Dr. Stone #11 – Senkū’s next innovation is the magical substance glass. Clear, chemically resistant, infinitely shapeable, it opens to the door to a whole host of new abilities. Provided you have someone with the necessary skill to get it into the shape you want, anyway, which is why Senkū’s next big idea after that is to kidnap a village elder and force him to watch Senkū and Chrome being incompetent.
Recruiting Kaseki (“Fossil”) into the Kingdom of Science also serves to draw another contrast with Tsukasa, by letting Senkū demonstrate his respect for old people. Look at this lifetime of learning, he can say, which Tsukasa would just have thrown away thanks to ageism.
With Suika’s (and soon, presumably, Kinrō’s) sight issues fixed, Senkū has increased his manpower still further, and is ready to provide a teaser for his next big development. It’s used in working with silver, it’s incredibly dangerous, and it’s a particularly awesome substance. Well, there are a lot of noxious chemicals involved in various kinds of metalworking, but my guess would be silver nitrate, which is used in silver electroplating, and is also really handy for photography.
The Ones Within #11 – The next challenge is a game about making friends with kindergarteners, for a definition of “kindergarteners” that encompasses carnivorous plants imprinted with the childhood memories of four of the players. Even without their nurturing-game expert, it’s a fairly simple matter to make Himiko, Kaikoku, and Yuzu bloom, but it turns out that Makino had a terrible childhood.

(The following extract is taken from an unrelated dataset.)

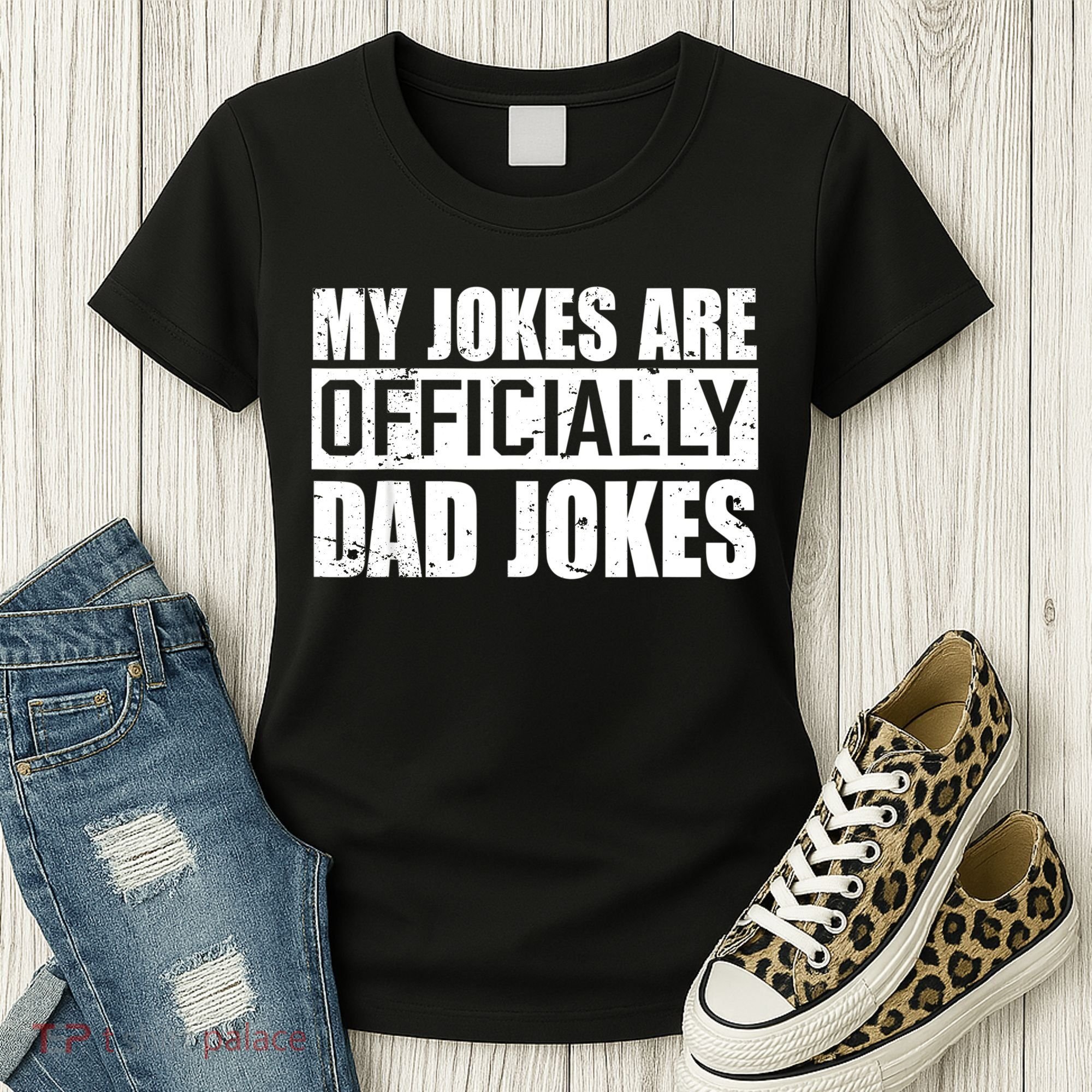 My Jokes Are Officially Dad Jokes Funny Quote Dad Women's T-Shirt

That certainly explained why Makino has always been disconnected from the rest of the group. It was great to see the others reaching out to him, although somewhat undercut by the solution being Akatsuki just telling him to get over it.

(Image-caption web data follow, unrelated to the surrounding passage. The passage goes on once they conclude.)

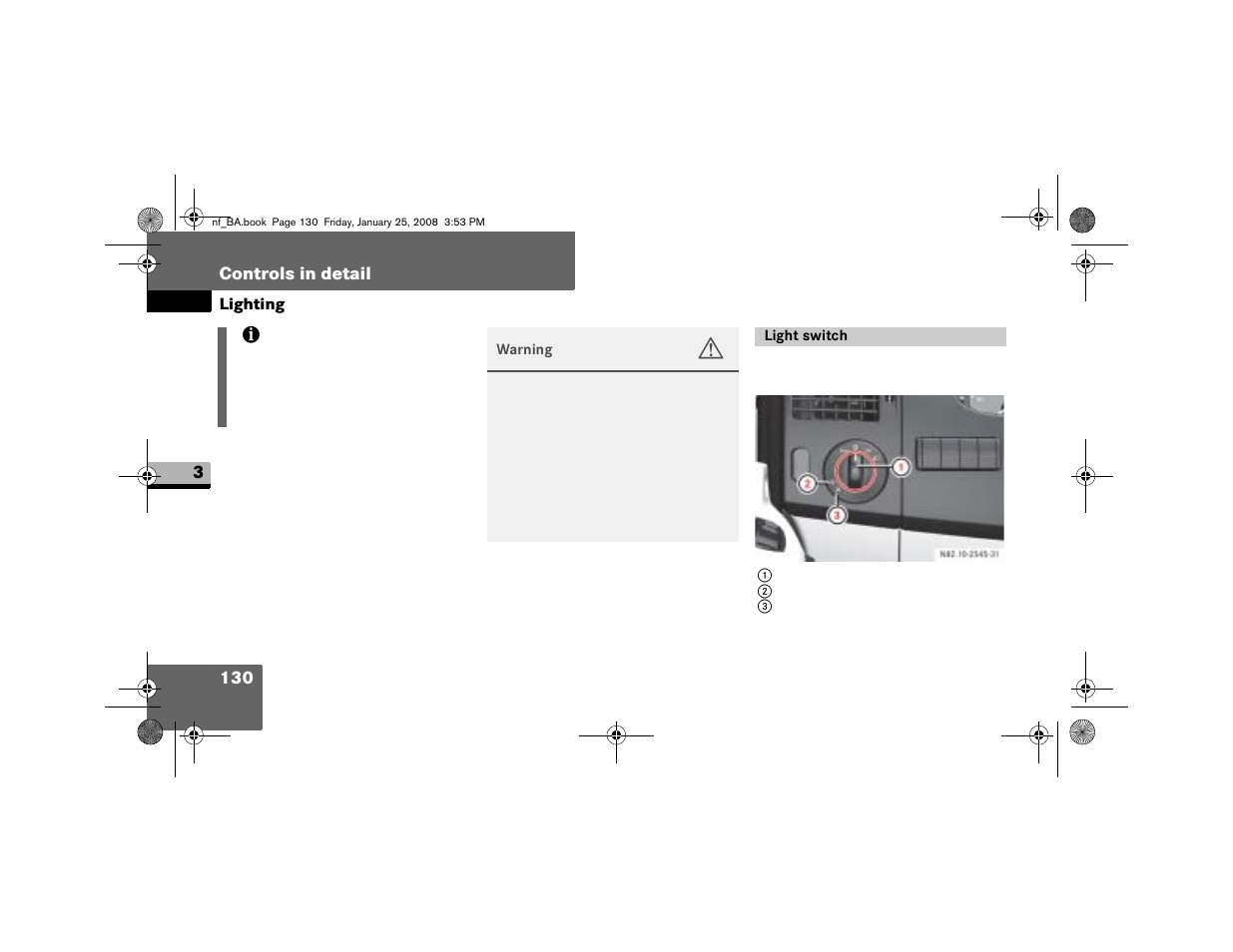 Light switch | Dodge 2008 Sprinter User Manual | Page 132 / 666
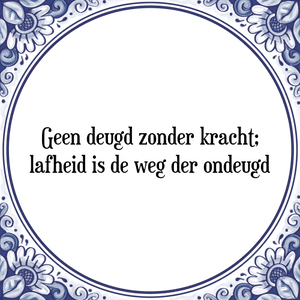 Spreuk Geen deugd zonder kracht;
lafheid is de weg der ondeugd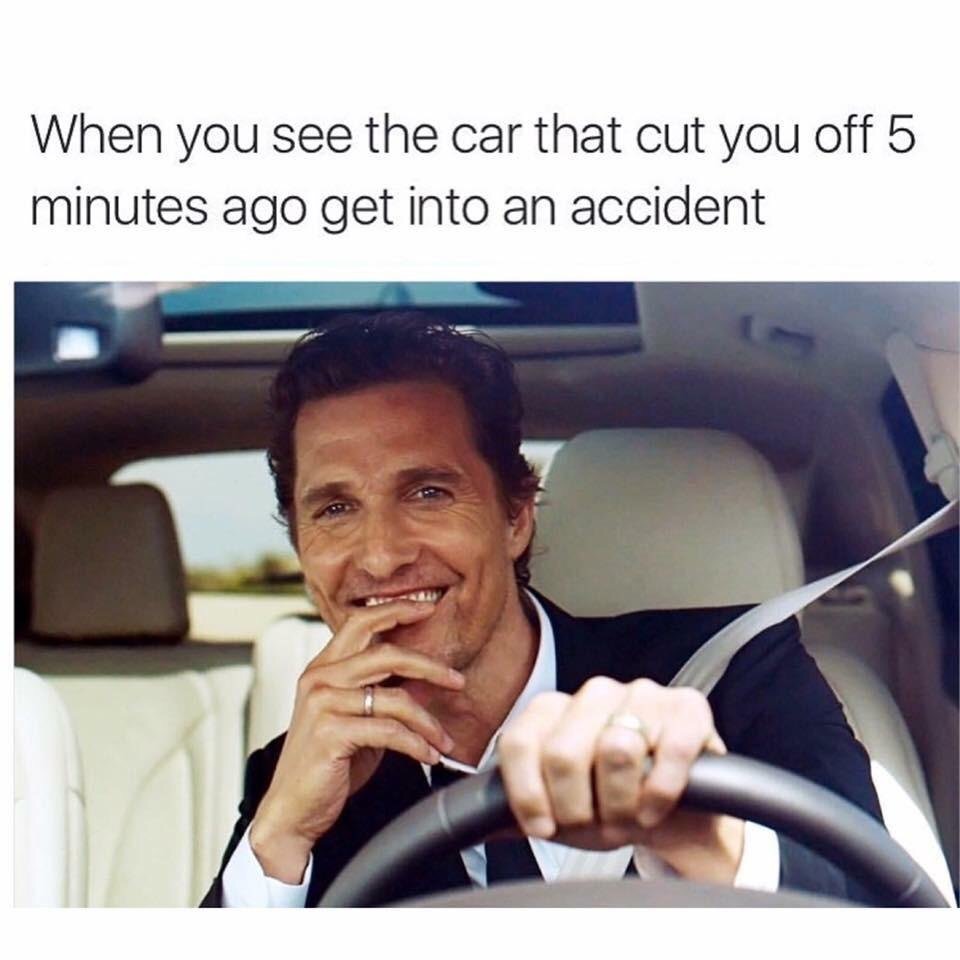 Matthew Mcconaughey smiling in meme about how you looks after car cuts you off and then gets in accident.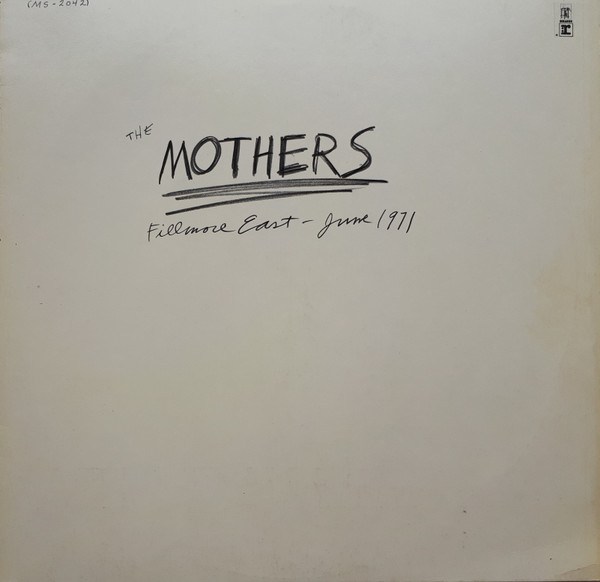 Обложка конверта виниловой пластинки The Mothers - Fillmore East - June 1971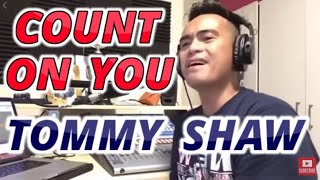 Video thumbnail of "COUNT ON YOU - Tommy Shaw (Cover by Bryan Magsayo - Online Request)"
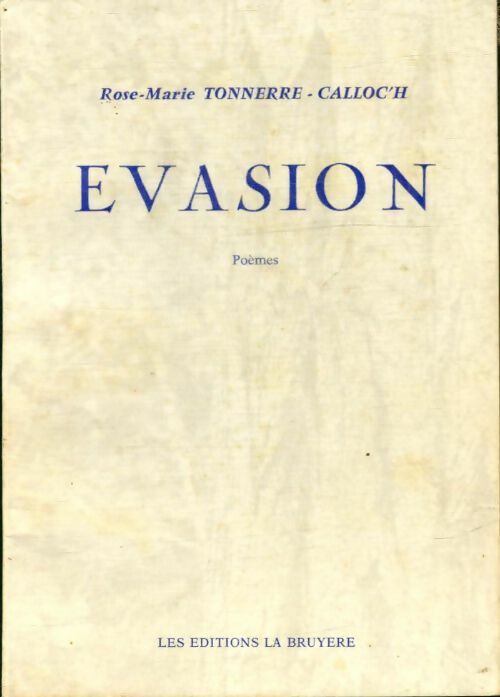Livrenpoche : Évasion - Rose-Marie Tonnerre-Calloc'H - Livre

They’ve only just made it halfway to their viewer goal, but the way it’s been accelerating, 100 million viewers looks doable by the end of the season. It sounds like it’s going to be no more Mr. Nice Alpaca now, though…
Granbelm #11 – Mangetsu comes to terms with her mortality after discovering that the Magiaconatus is incredibly sloppy about covering up its tracks with memory erasure. So she decides the way to go out is to gather up everyone who can still see her, take them on a camping trip, and do a dramatic Bilbo Baggins-style disappearance.
Along the way, we get a lot of rumination about how nice the world is just by itself, and how much happier people would be if they stopped looking for magic. This is one of anime’s hardiest tropes playing out— a power which has great potential for misuse must be put out of everyone’s reach, which will lead to a happier world. But rarely has it played out quite so beautifully.